The real GDP response of bank equity crash is controlled with the non-financial equity returns. As you can see from the figure above, a non-financial equity crash (red line) also, separately, predicts significant and persistently lower real output, and the magnitude is similar to the impact of a bank equity crash.
What distinguishes between the effect of the bank and non-financial equity crash is that the banking crisis seems to impact the real economy through the so-called bank lending channel. That is, a significant downfall in bank equity hampered the banks’ willingness or ability to make loans, which in turn drag down the economic growth.
The study suggests that the difficulties facing the banking sector usually dampen its lending function. A 30% bank equity decline predicts sharp and persistent contractions in bank credit to the private sector — three years after a bank equity decline, bank credit-to-GDP declines by 5.4%, relative to periods without a decline.
As you can see from the figure above, a crash in non-financial equity (red line) has essentially no effect on future credit-to-GDP.
This why bank equity should be considered as a useful indicator, as bank equity declines can capture shocks to bank net wealth, which translate into a credit supply contraction that depresses household consumption, corporate investment, and output.

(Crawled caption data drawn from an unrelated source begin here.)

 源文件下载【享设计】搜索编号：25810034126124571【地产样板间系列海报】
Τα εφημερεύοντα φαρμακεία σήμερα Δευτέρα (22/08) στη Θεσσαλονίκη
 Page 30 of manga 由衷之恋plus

Another reason that significant bank equity decline is a good leading indicator of an economic crisis is that, even if the banking stock crash is not followed by a “panic” situation, it can still predict economic slowdown.
Here the researchers define a “panic” as an episode containing any of the following narrative criteria: 1) widespread sudden depositor or creditor withdrawals at several of a country’s largest banks, large enough to threaten these banks’ ability to stay open; 2) severe and sudden strains in interbank lending markets; or 3) severe and sudden foreign-currency capital outflows from the banking sector.

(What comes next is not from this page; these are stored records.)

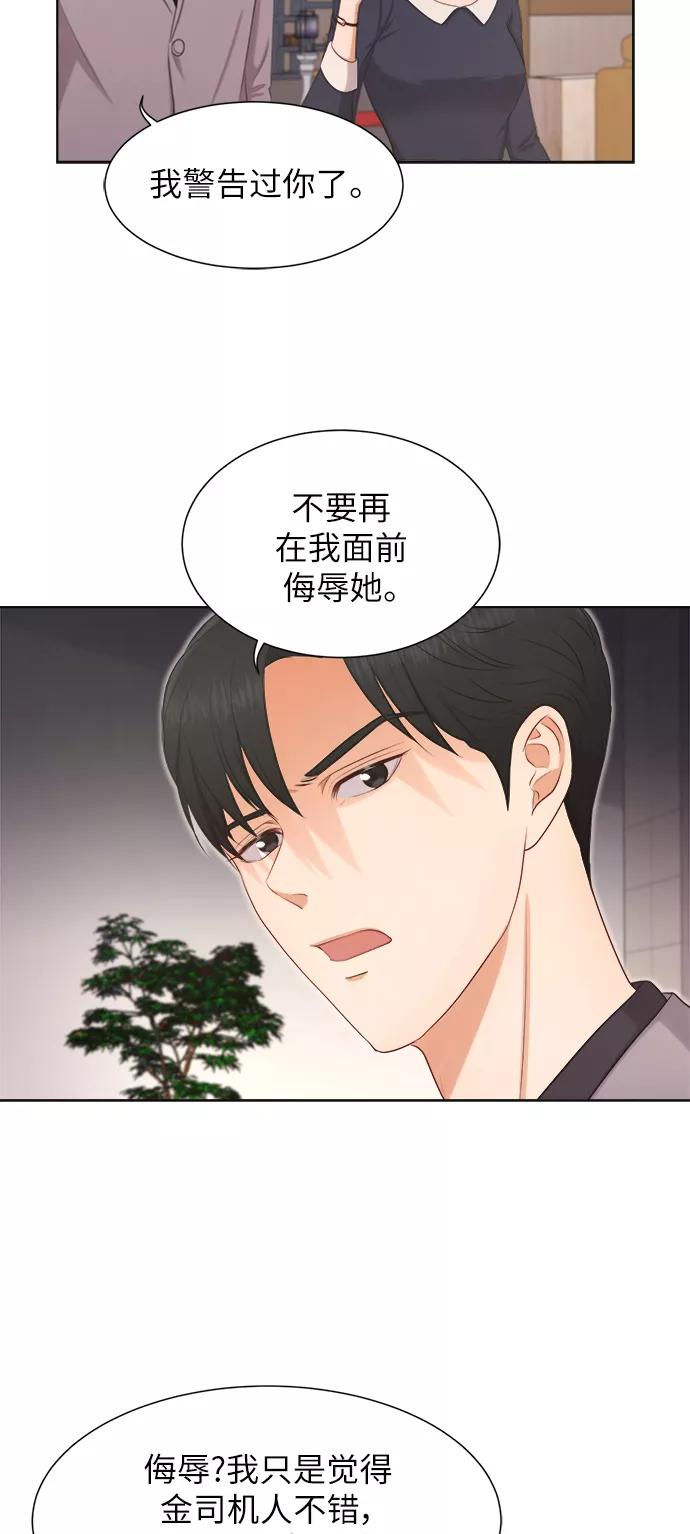 《急招新娘》第10话 第30页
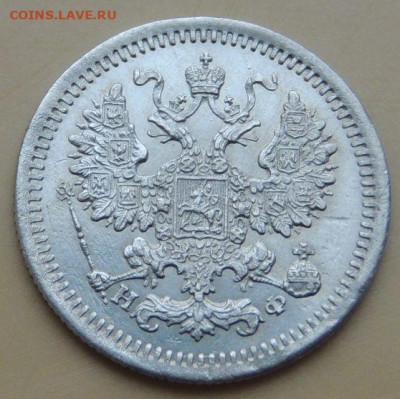 5 копеек 1871, 1876, 1878 года - DSCN4896.JPG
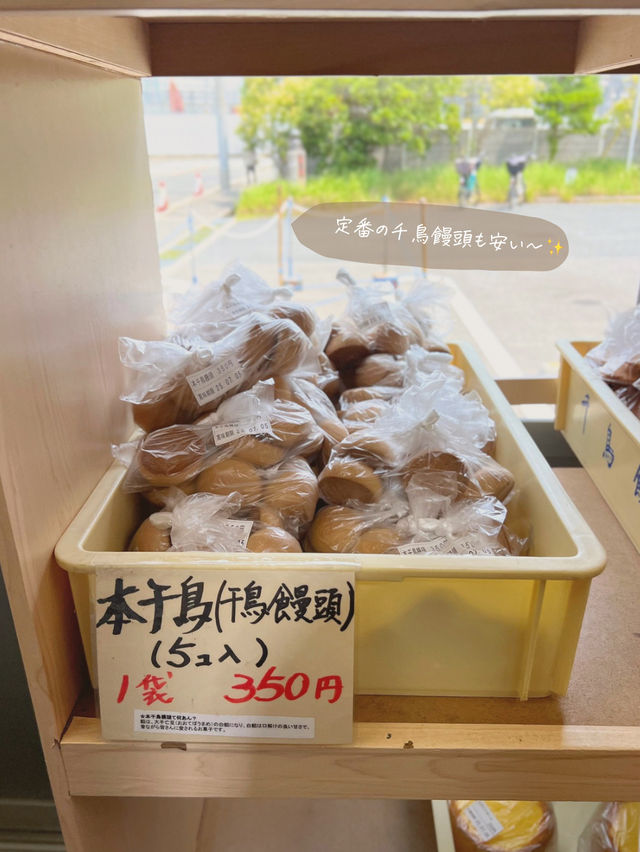 【兵庫/尼崎】コスパ最高!人気和菓子屋さんのアウトレットショップ😍🙌✨ 【兵庫/尼崎】コスパ最高!人気和菓子屋さんのアウトレットショップ😍🙌✨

Bank equity crashes can happen without “panic” when there are strong regulatory forbearance and implicit government guarantees to creditors to forestall panics. Examples the authors emphasized are the early stages of Japan’s 1990s financial crisis, and the Italian banks’ failures in the last few years.
As you can see from the figure above, for the first two years after a 30% loss in bank equity, the real GDP declines at a similar rate no matter it is followed by a panic episode or not. While a bank equity crash with panic situation resulted in a lower real GDP, but the decline in real GDP for non-panic bank equity crash is still very persistent, and can’t fully recover even 6 years after the crash.
The researchers also discovered that bank equity is an effective early indicator of economic crisis. In general, they found that a 30% fall in banking equity usually happens earlier than the 30% fall in non-financial stocks or a 1% rise in credit spread of banks.
A case in point is the 2008 financial crisis. As shown in the graph above, bank equity index (red line) recorded a 30% crash before the non-financial equity index and various interest rate spread showed signs of worry.